The Presentation(s) (Multiple in the real world, One for TARP)
Instead going through a presentation:
- That (per the people you’re trying to get to invest) needs to be descriptive but succinct, qualitative but to the point,
- Knowing that you may have to start over a few times as people come in late,
- Being hammered with questions by people that know what they’re talking about (if you’ve done your research and selected firms that know you’re area and can help you out with expertise and connections as well as money) that try to poke wholes in your plans for which you have to have a solid answer for right there,
- Addressing multiple what-ifs, and
- Keeps you on your toes for the whole time you’re there knowing that the most you should probably hope for is a follow up call to share more info;
All you have to do is give a high level description of your “plan”, suggest that you’re going to hire a ton of people up front who’s jobs, and hence the economy, depend on this money and then kick back and zone out while you take thirty minutes of verbal abuse from people that don’t know what they’re talking about.

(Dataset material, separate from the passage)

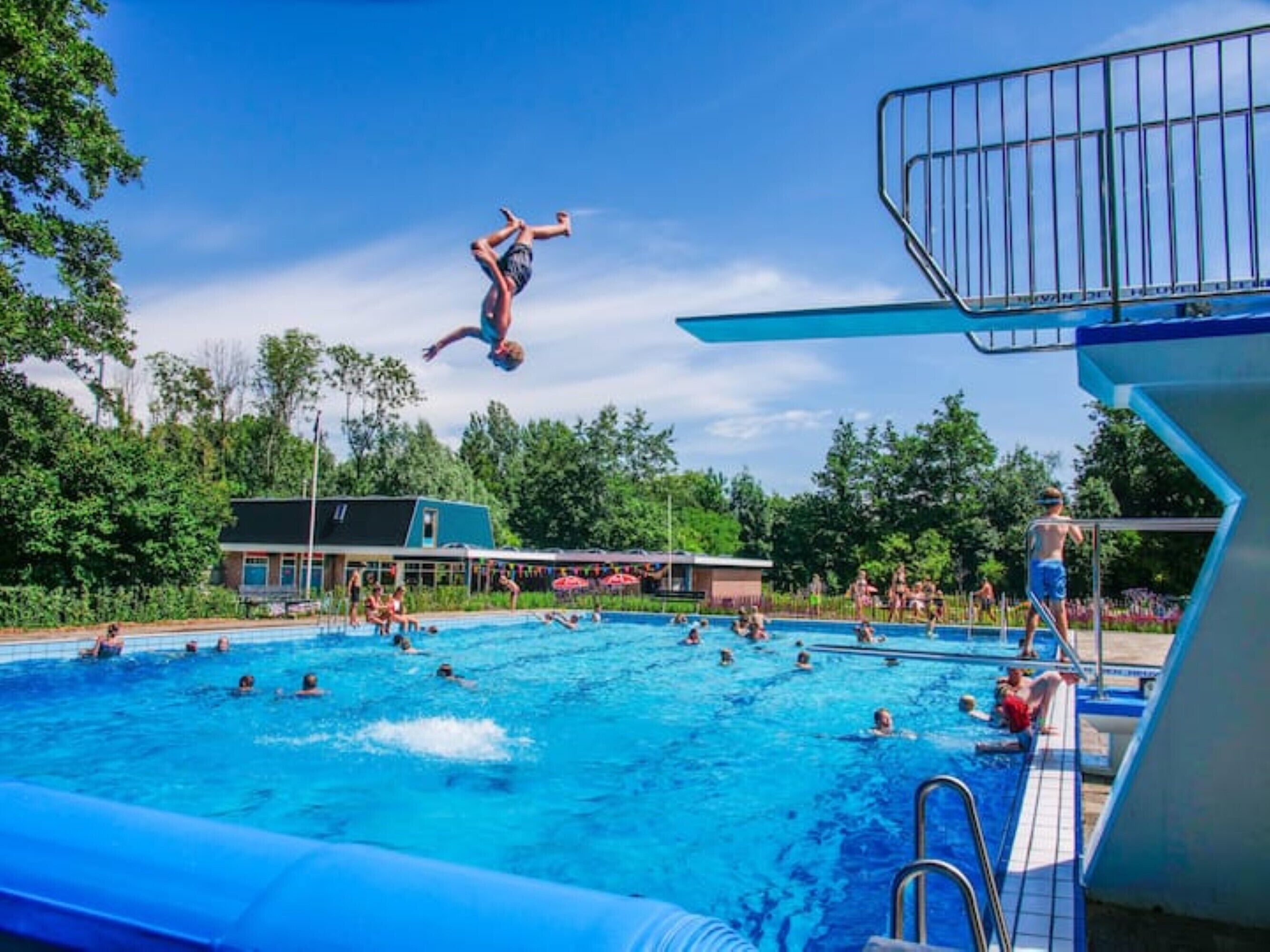 Een buitenzwembad, een verwarmd zwembad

How awesome would that be? Millions of dollars for less then an hour of listening to people on a soap box!
The Follow Through
So now that you’ve got the funding, instead of:
- Busting your tail even more because others have trusted you with their money
- Learning as much as you can as fast as you can from your new advisors
- Working with your investors to take advantage of their network and making damn sure you represent them and your company well as they’ve tied their reputations to you
- Executing your plan while trying to make as few mistakes as possible
- Hiring quality people that fit with your team only when you’ve needed someone in that role for a month already and not because you think you should have a Director of Business Development because other companies do even though your product isn’t ready yet
- Making sure you have a good story to tell at your board meeting every six weeks and showing that you’re meeting your commitments
All you have to do is give yourself a bonus for getting that funding, think about what you’re actually going to do, and have a few meetings to try and get something going until you need to go back and ask for more money.
That’s a good dream. OK, now back to the real world and busting tail.